Participants will fight for the pride of their respective countries in the six titles chosen, including the popular computer game League of Legends, the Chinese giant Tencent, or StarCraft II, of the American company Activision Blizzard. These games are the biggest demonstration to date of esports in the Olympic field and could be a successful first test to be included as a discipline in Paris 2024.
The confluence between the values of the sport, with national bases and a non-profit spirit, with videogame competitions, controlled by a company worldwide, raise the eyebrows of the skeptics and the voices of the most critical, who sees this a maneuver solely focused on raising audience ratings and adding more sponsors to the event organization.
“The International Olympic Committee is interested in eSports because it is an opportunity to attract a demographic profile that seems to be less interested in the Olympic Games than in the past decades,” says Sergio Mesonero, head of the strategy for the Professional Video Games League. “But there are hardly salvageable difficulties, which even they have made explicit as the lack of an independent regulatory body.”
Unlike Basketball or Athletics, video games are controlled by companies and the competition will always depend on the terms it imposes within its aspirations and business plans. “The IOC needs to establish the rules of the game for each discipline, but why would a video game studio want to lose control over its product?” Mesonero questions.
In addition, the cultural and work differences between sport and video game competitions are huge, opposite poles united by the competitive spirit, starting with a clear cultural and gender bias.
“None of the teams participating in the Asian Games has included a woman, when the objective of the IOC is to be a joint competition, and hence the female disciplines were created in the first instance,” says Mesonero. “Does it make sense to create the gender division in activities that are not dominated by physical capacity?
Nor is the selection of video games in which they will compete be exempt from controversy. The organizers of the Asian Games have diffusely explained the reason for their decision based on “their vision promoting integrity, ethics and fair play “that they promote.” The titles chosen clearly opted for Asian companies, favoring League of Legends from Tencent instead of Dota 2 from the American studio Valve, or Pro Evolution Soccer by Konami instead of the FIFA of Electronic Arts.
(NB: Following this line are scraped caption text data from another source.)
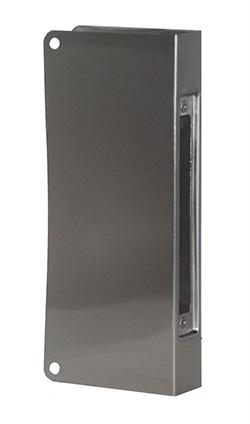 [504 S CW] Mortise Lock Blank Wrap Around X 1-3/4 X 12 X 5"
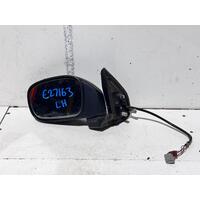 Nissan Pathfinder Left Door Mirror WX 11/1995-12/1998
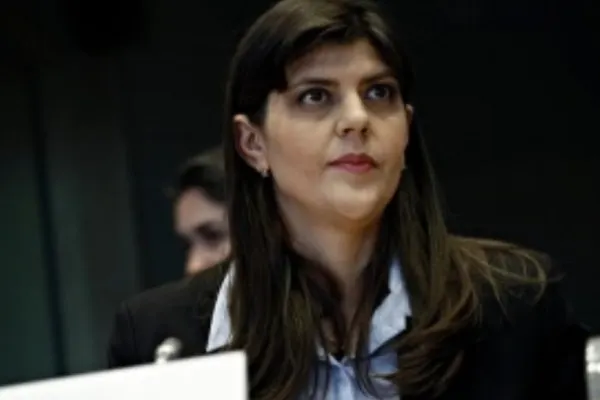 Laura Codruța Kovesi declară război oligarhilor ruși! Parchetul European, pregătit să incrimineze încălcarea sancțiunilor împotriva Rusiei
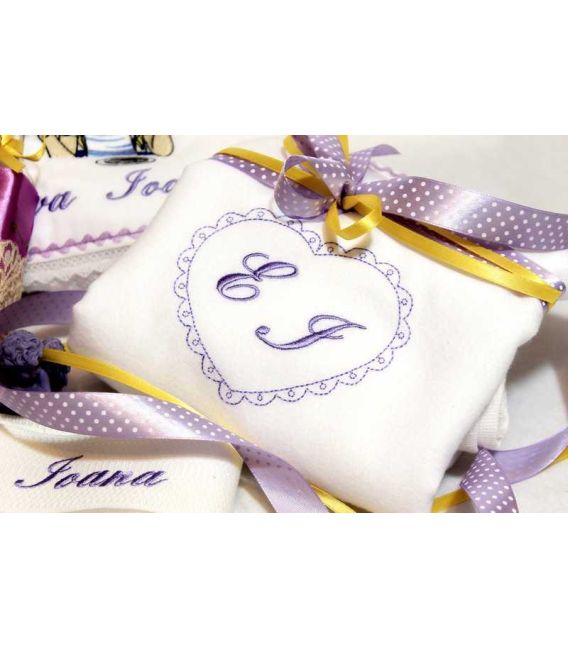 Trusou botez Alice in tara minunilor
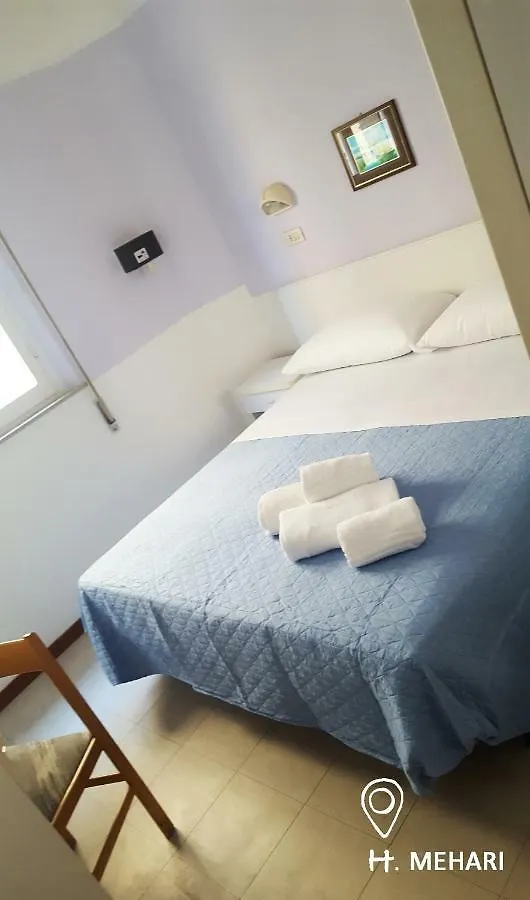 Mehari Rimini - Family Hotel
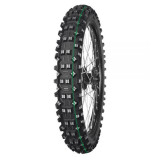 MBS Anvelopa Mitas 90/90-21 Terra Force-EF Super light, dunga verde, Cod Produs: 70000960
The gap between two similar titles can be made much larger if parallel video game competitions held at Olympic events continue to favor one of them. Although there could be a direct benefit for the companies that own each title, neither Tencent nor Activision have made a great promotion of their presence in the Asian Games either because of the anecdotal inclusion or because of the hypothetical loss of control over it who point out experts in the sector as Innkeeper.
The eSports is a business that generates thousands of dollars from the direct benefits from the sale of digital goods, live broadcasts and sponsorship teams. Goldman Sachs determined that they were a business of 500 million dollars in 2016 and expects the market to grow 22% annually until it becomes an opportunity of more than one billion dollars. Instead, the Olympic Games audiences continue to fall for each edition, and the young audience is presumably one of the keys to attract or recover.
“The interest of the IOC is higher for eSports than that of the video game industry for the Olympic Games,” concludes Mesonero. The esports have nothing to gain, they have carved the way in a certain way and without external help; they have aroused interest among young people for themselves. There are clear bridges between both worlds, but the total integration between worlds still so different may not make sense.”